— MATERIAL PROVIDED —
# # # # #

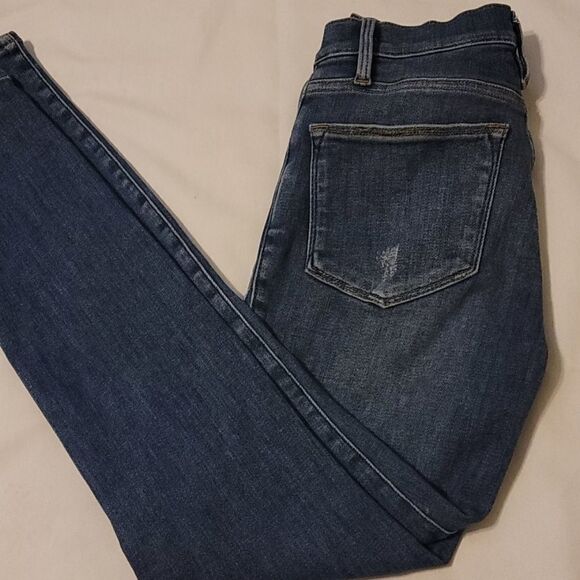 Frame high waist jeans size 26 - Picture 7 of 12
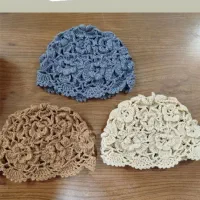 کلاه موتیفی ولعونی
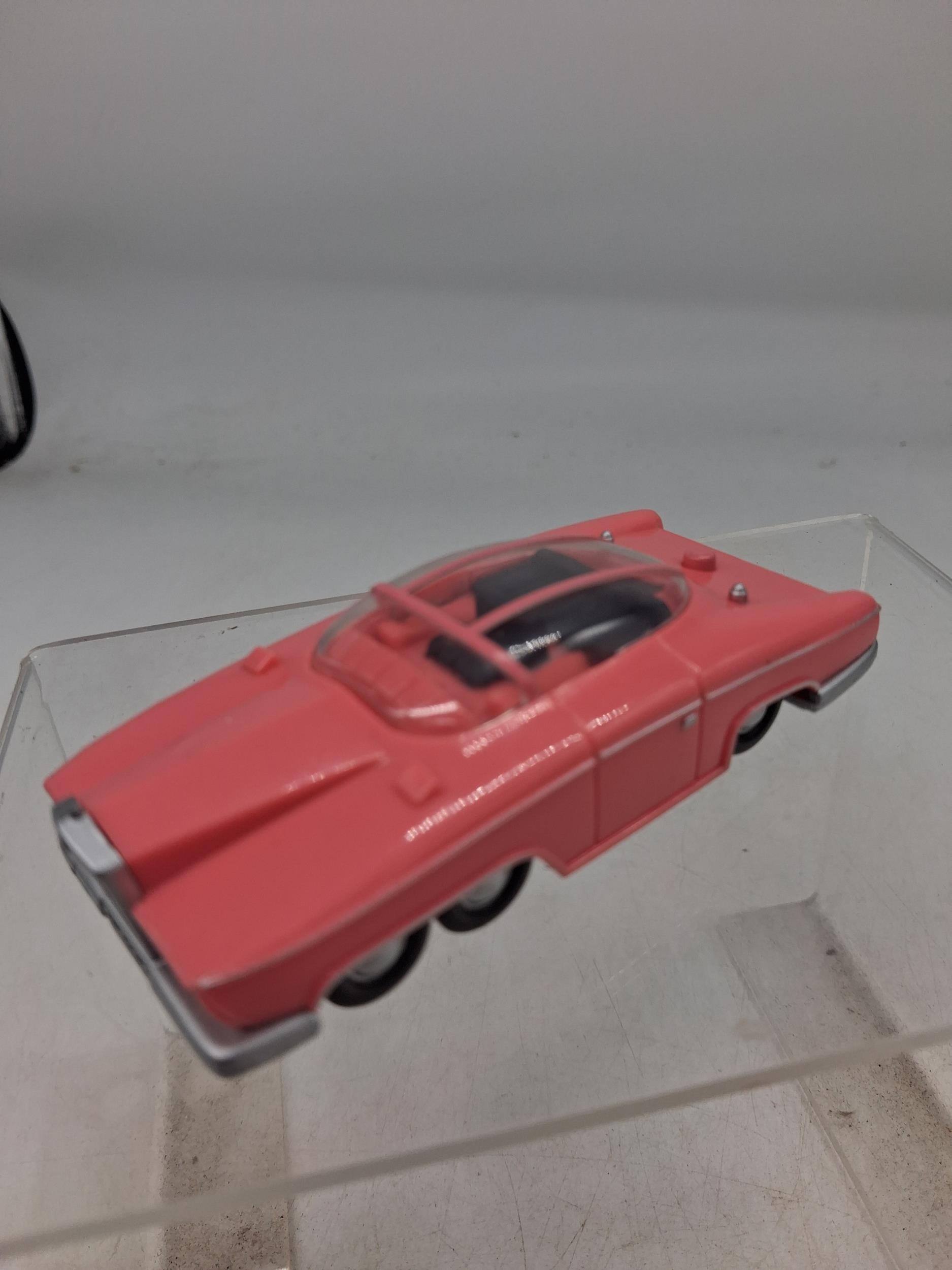 Thunderbirds FAB-1 Talking car, working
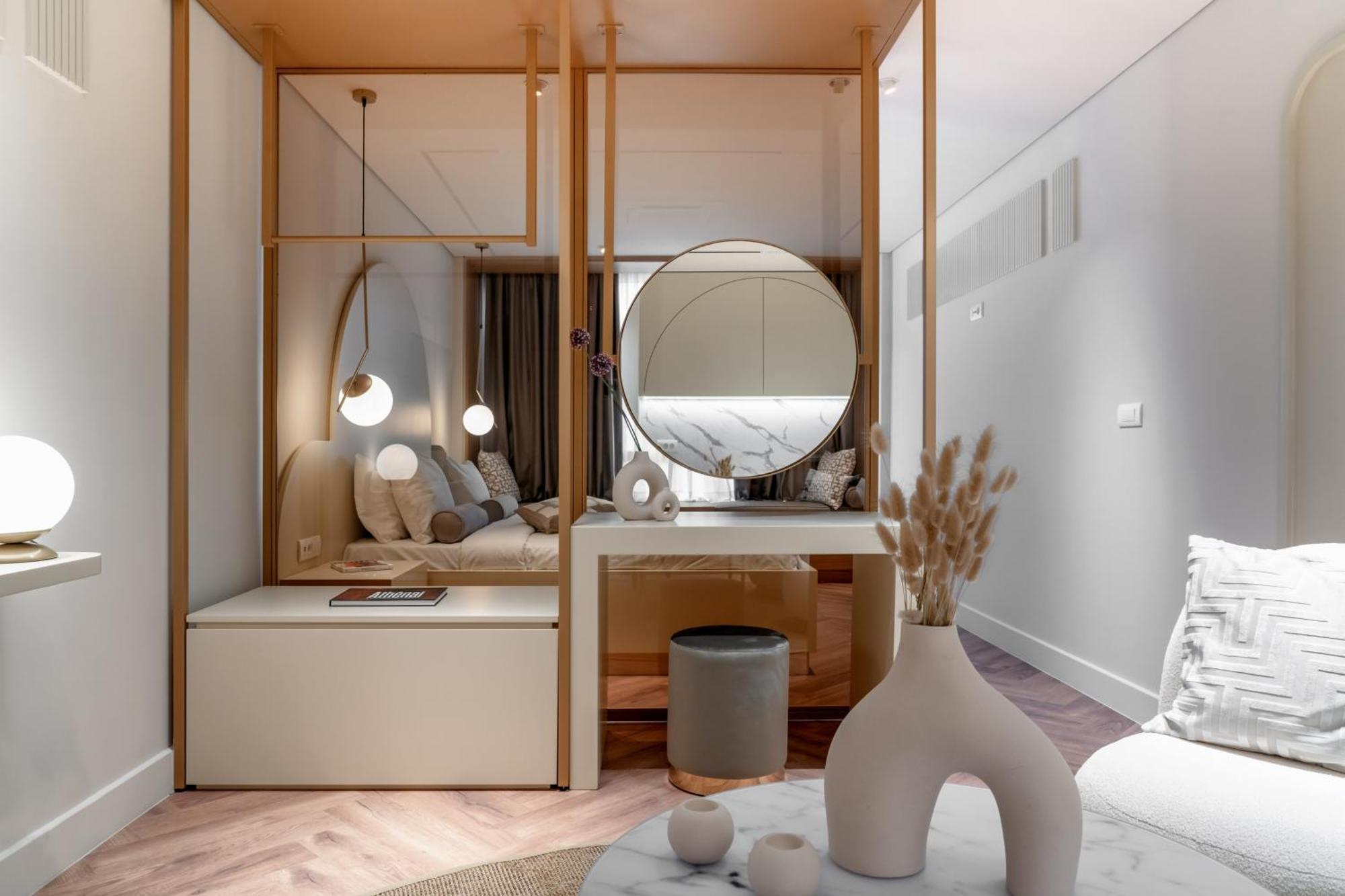 Dion Luxury Suites 雅典 外观 照片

# # # # #

— WORK TO COMPLETE —
Starting at the line that contains "کلاه موتیفی ولعونی", write out exactly each line through the last one in the listing above, leaving out the pictures and adding nothing else.

— YOUR SOLUTION —
 کلاه موتیفی ولعونی
 Thunderbirds FAB-1 Talking car, working
 Dion Luxury Suites 雅典 外观 照片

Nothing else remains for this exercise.